There can be serious consequences of processing data and getting it wrong under the GDPR with the top end fines available to the ICO being highly publicised. These fines can be as much as €20m (£18m) or 4% of annual turnover (whichever is the greater), not to mention the damage any adverse publicity would inflict. 

Whilst no sanction has gone anyway near the top of the scale (Google being given a fine of €50m which may sound a lot but equates to only a fraction of their $136bn annual turnover in 2018), there is nevertheless a high level of unease within the industry.

It is understandable then to think about how fraud investigations will proceed (and continue to be successful) within these new stricter rules.

How to share information

Under the GDPR and DPA 2018, the sharing of information is permitted with consent, but this is unhelpful in a fraud investigation.
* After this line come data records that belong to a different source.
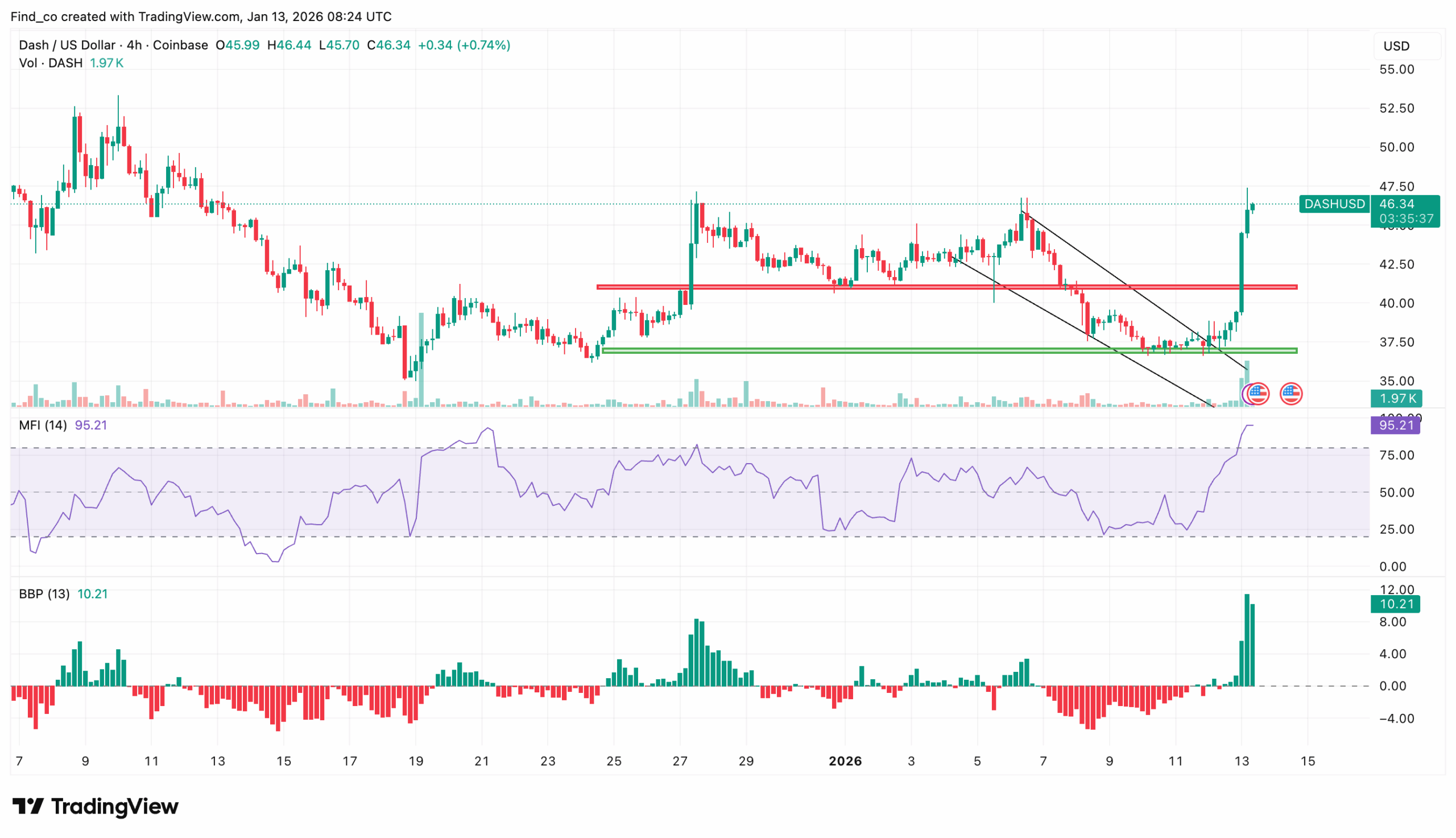 Why Is DASH Coin Outperforming Monero (XMR) and Zcash?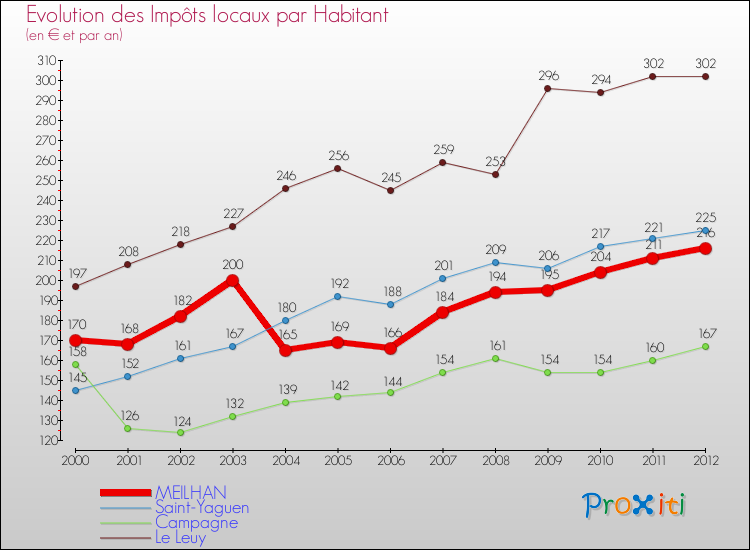 Evolution et montant des impôts locaux par Habitant pour MEILHAN et les communes proches Comparaison des impôts locaux par habitant pour MEILHAN et les communes voisines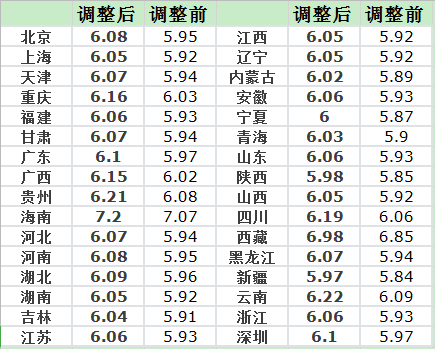 最新消息，92号汽油价格调整动态深度解析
Fortunately there are certain limited circumstances in which the sharing of information is allowed without consent when "…processing is necessary for the purposes of the legitimate interests pursued by the controller or by a third party".

What qualifies as a legitimate interest?

Legitimate interest includes:

  • Preventing fraud
  • Preventing or detecting a crime
  • Preventing or detecting unlawful acts
  • Necessary for an insurance purpose (the handling of a claim).

It is clear therefore that information can be shared for the purpose of investigating fraud by the legitimate reason of detecting a crime or unlawful act. An insurer can also share information lawfully where it is necessary for an insurance purpose.

This means sharing information for the administration of a claim where it is required for reasons of substantial public interest. This would of course include fraud prevention.

Despite the stricter controls on the processing and storing of information that has been introduced since the GDPR, there still remains avenues open to insurers to lawfully share information. The GDPR now specifically provides a basis for insurers to share information which was not envisioned when the DPA 1998 was implemented. As a result, insurers are in a stronger position now than under the old law to share information as part of a fraud investigation into a third party claim. 

In order to protect against GDPR consequences here are some basic steps that you can follow to ensure the continued sharing of data:

  • Establish the legitimate interest ground or grounds before sharing information
  • Document your thinking – in the unlikely event of an ICO challenge, this will be vital
  • Share information only where fraud concerns exist, documenting reasons where you do
  • Update your data sharing request forms by specifying the relevant sections of the new law – this will provide the organisation you want information from with legitimate grounds to process the data lawfully and assist you with a fraud investigation


The introduction of the GDPR and DPA 2018 has not drastically altered the landscape. It remains that insurers can freely exchange information as part of a fraud investigation.

Insurers are able to freely exchange information as they would have done under before and, if anything, the basis for that exchange of information is bolstered by the provisions now set out.

There is no need to panic. Provided the correct process is followed, insurers can continue to exchange information in the continued fight against third party claims fraud.